**Provided data:**
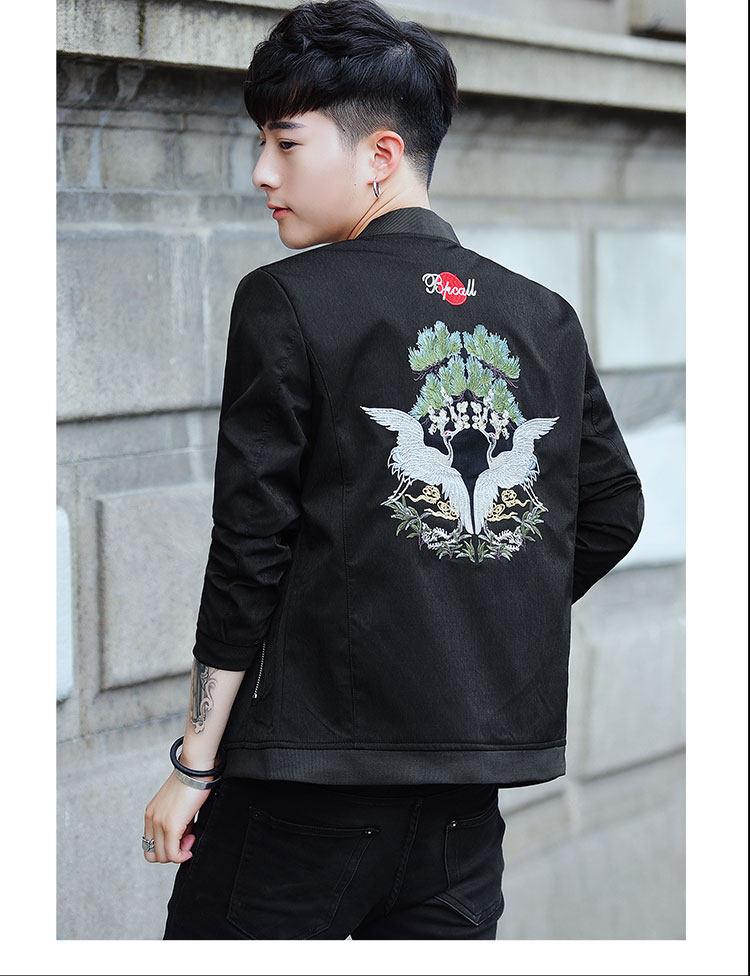 Blouson homme manches longues en Coton - Ref 3116735 Image 44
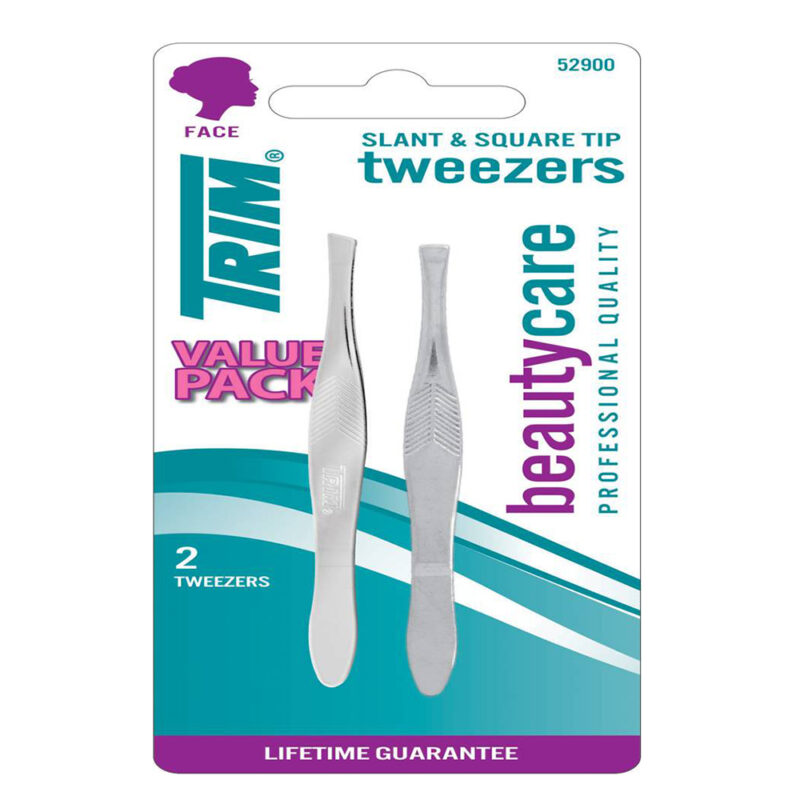 Pinzas pk Trim oblicua+pza recta s-61b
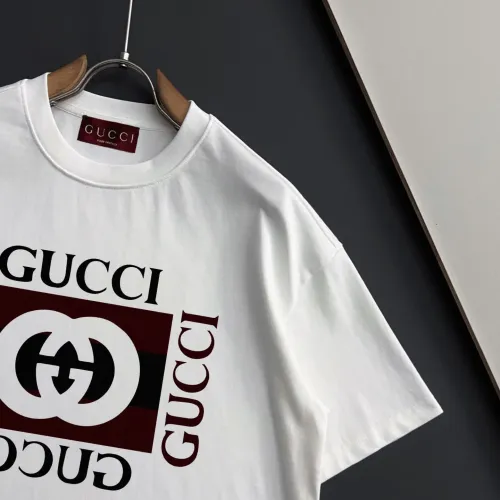 Replica Gucci T-Shirts Short Sleeved For Men #1467179 $40.00 USD for Wholesale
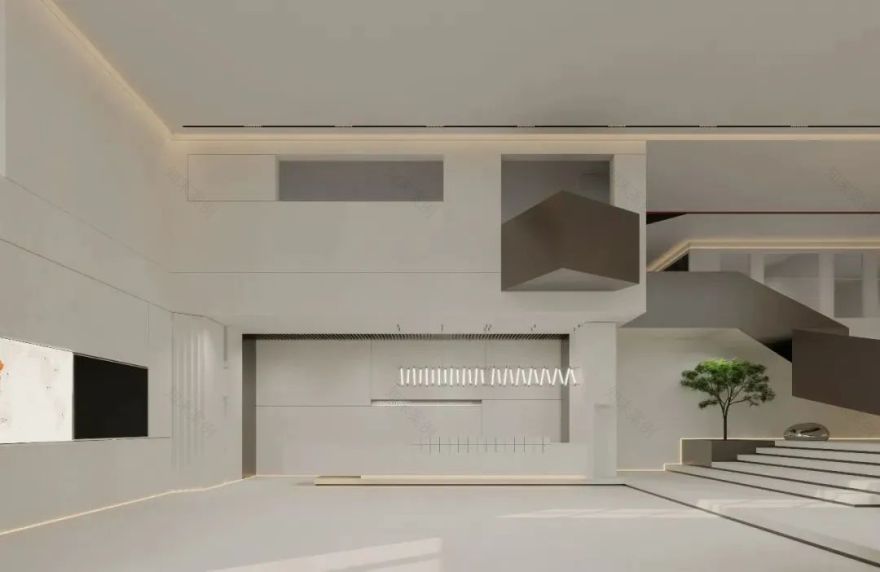 《自然意蕴》·广州办公空间设计丨中国广州丨Pro.S布舍设计-52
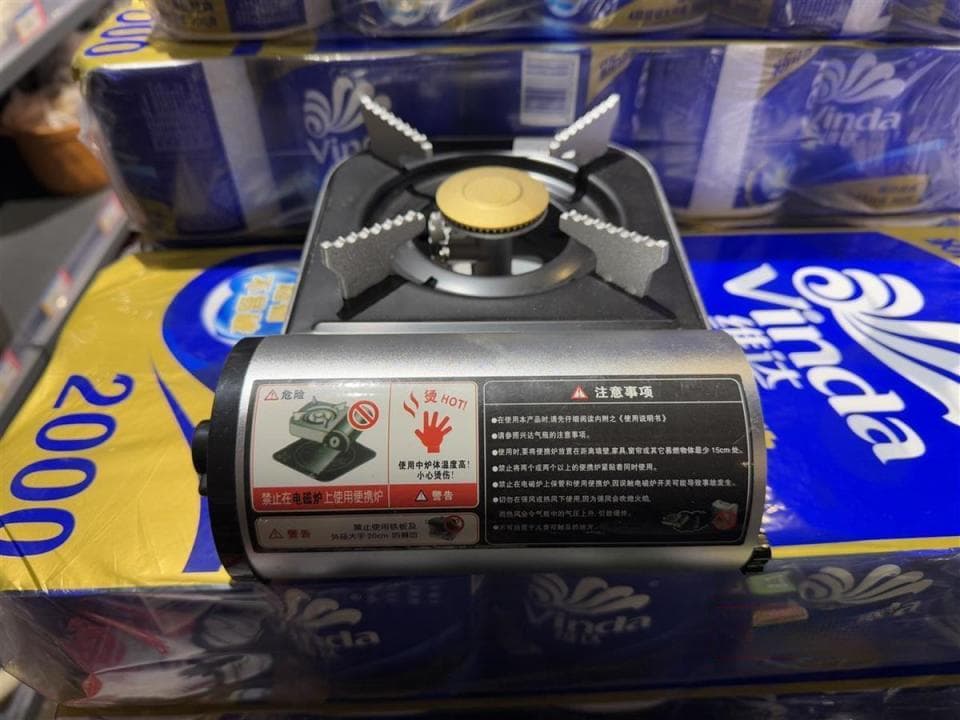 卡式炉安全问题引热议，户外露营还能放心用吗？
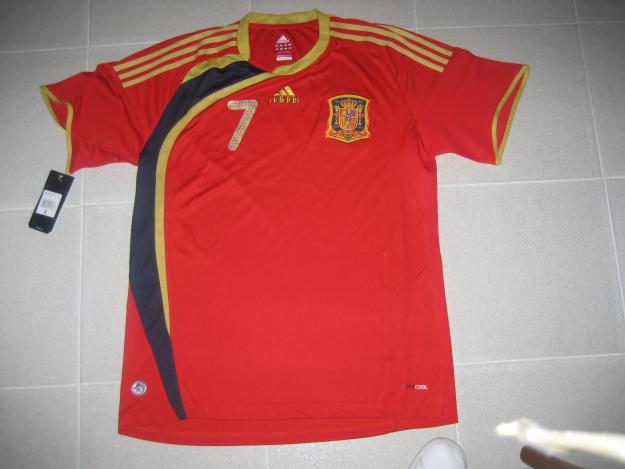 CAMISETAS ESPAÑA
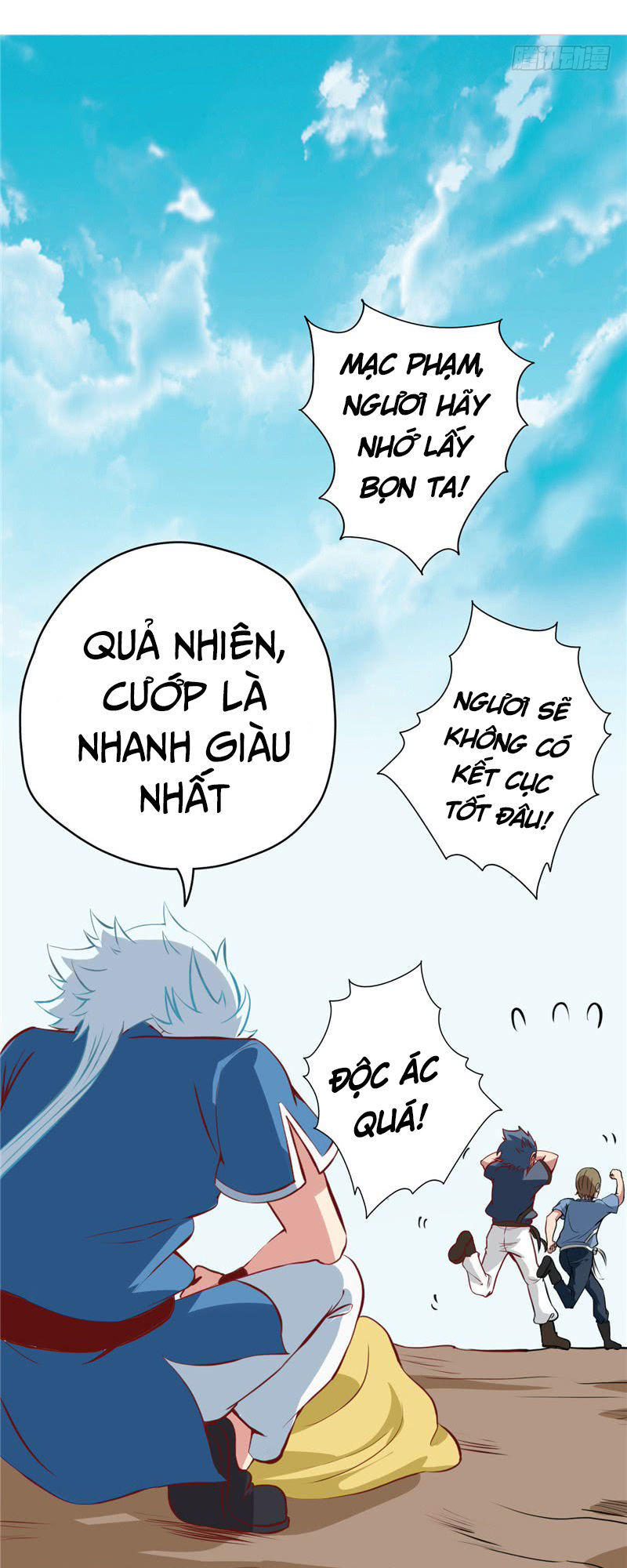 Chí Tôn Võ Đế Chapter 53 - Trang 2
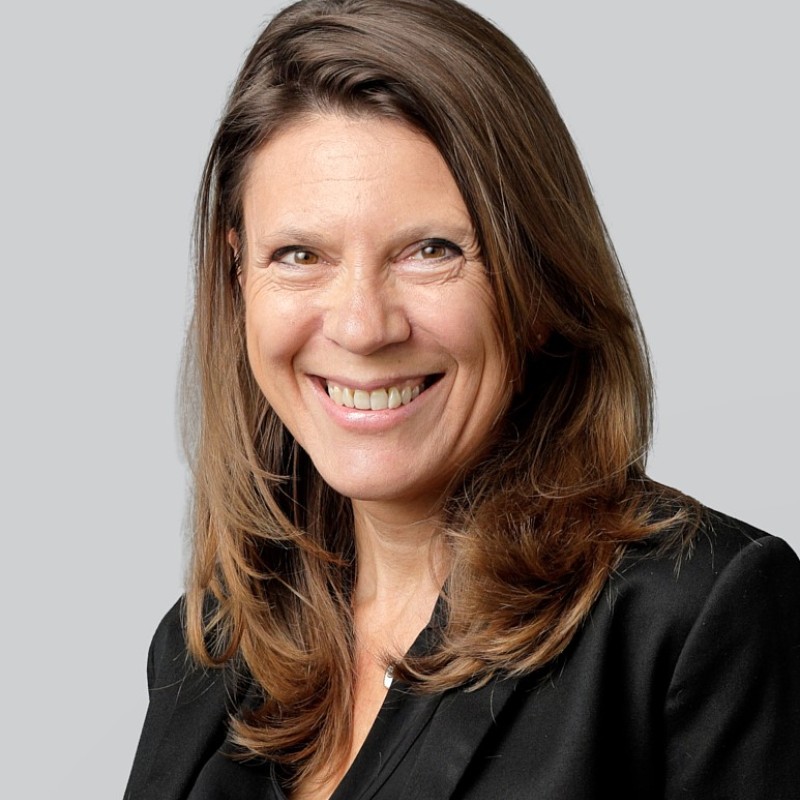Photographie de Anne Lionnet, CEO chez Arista
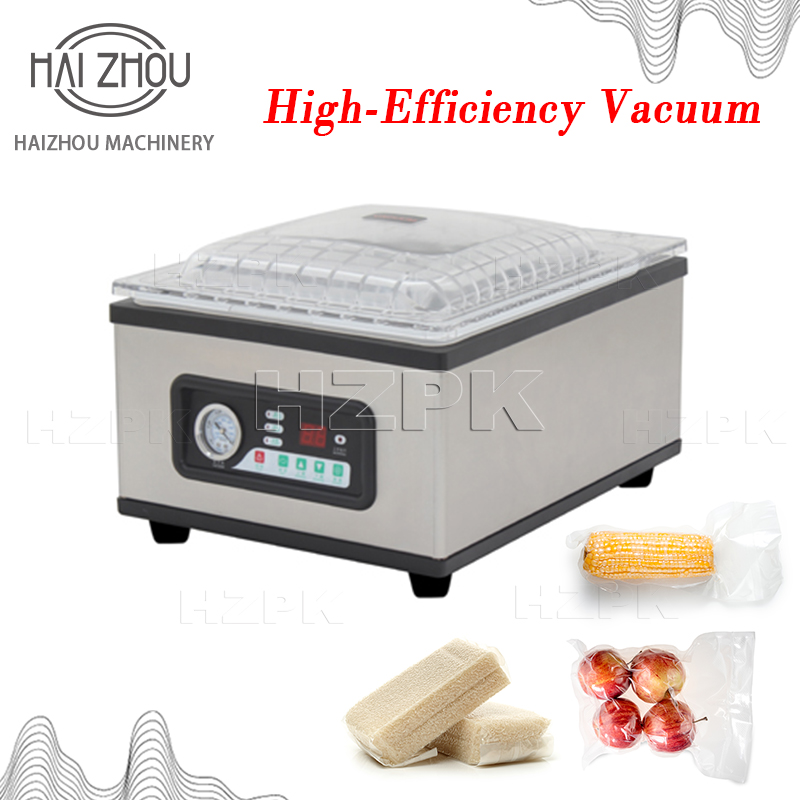 HAIZHOU Ticari Vakum Paketleme - Food Vacuum Sealer Machine incelemesi ve fiyatı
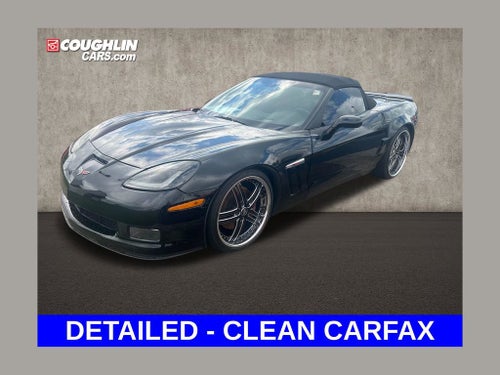 2008 Chevrolet Corvette Base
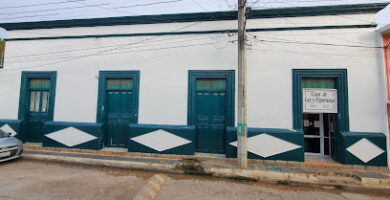 Casa De Luz Y Esperanza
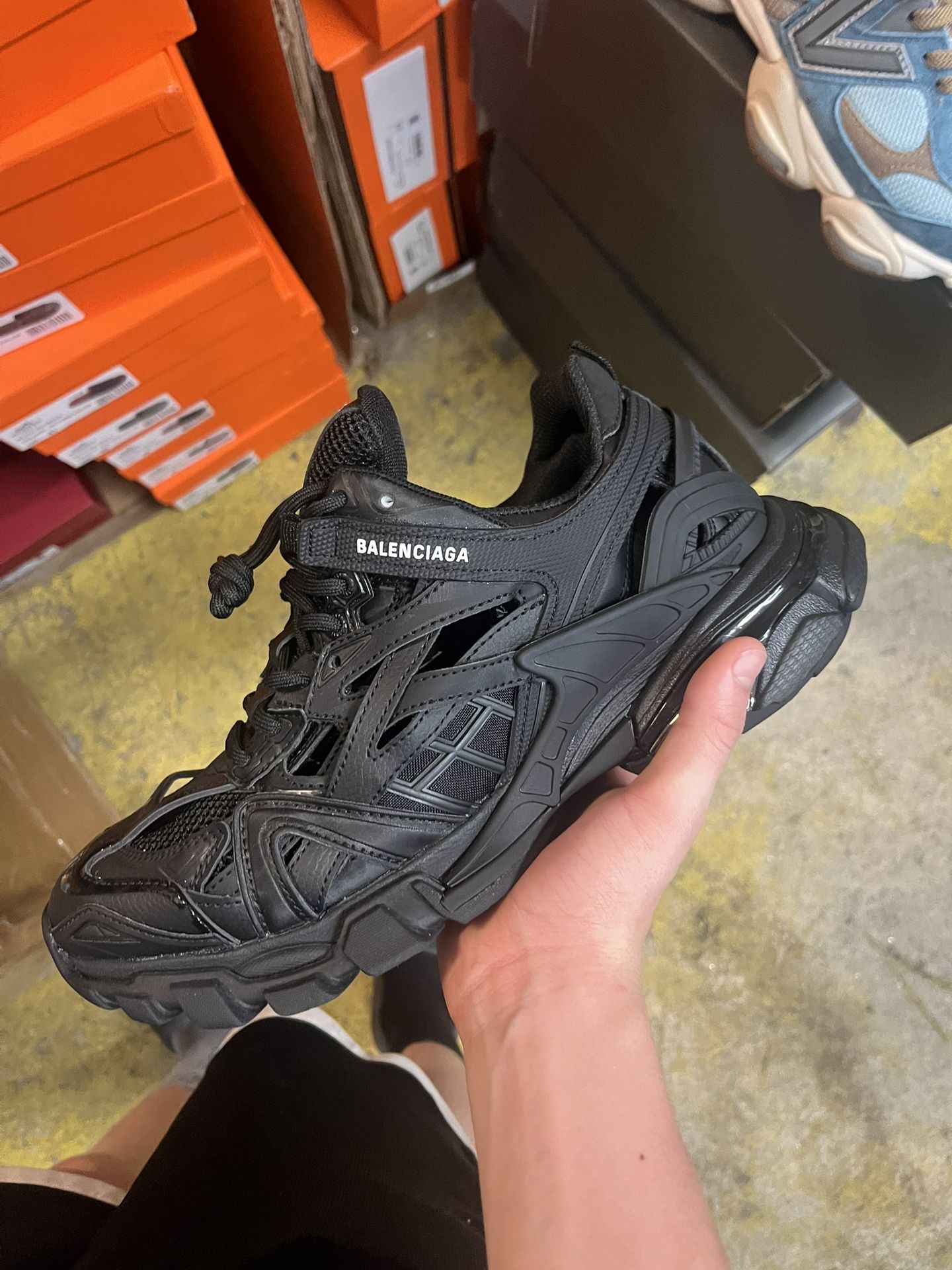 all balenciagas all sizes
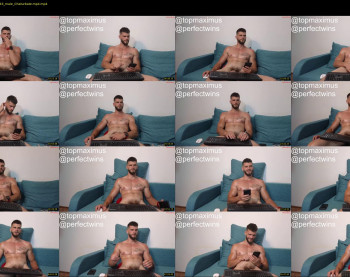 thetop200 — 58 minute Chaturbate male cam show recording, 720p, Jul 15, 2024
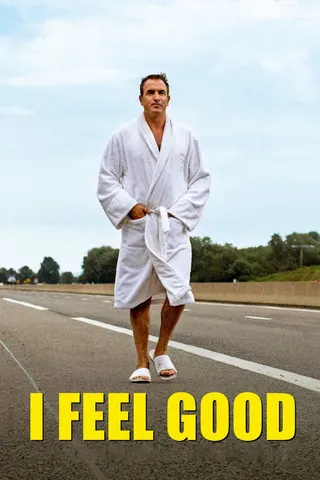 I Feel Good afişi
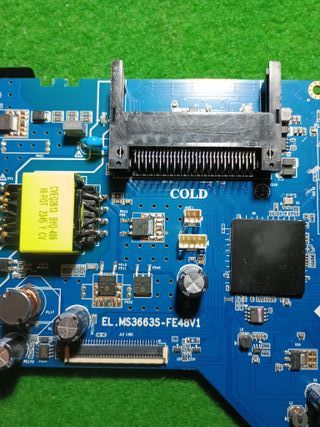 placa base EL.MS3663S-FE48V1 cecotec 02612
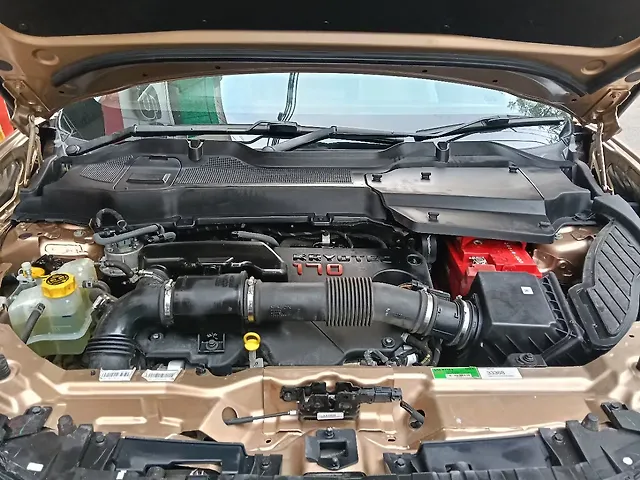 Used Tata Safari Accomplished Plus Dual Tone 7 STR in Delhi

**Task goal:** Nothing but the lines from the one with "2008 Chevrolet Corvette Base" through the last line of the material above should appear in the answer, each copied exactly, with no pictures.

**Finished exercise:**
 2008 Chevrolet Corvette Base
 Casa De Luz Y Esperanza
 all balenciagas all sizes
 thetop200 — 58 minute Chaturbate male cam show recording, 720p, Jul 15, 2024
 I Feel Good afişi
 placa base EL.MS3663S-FE48V1 cecotec 02612
 Used Tata Safari Accomplished Plus Dual Tone 7 STR in Delhi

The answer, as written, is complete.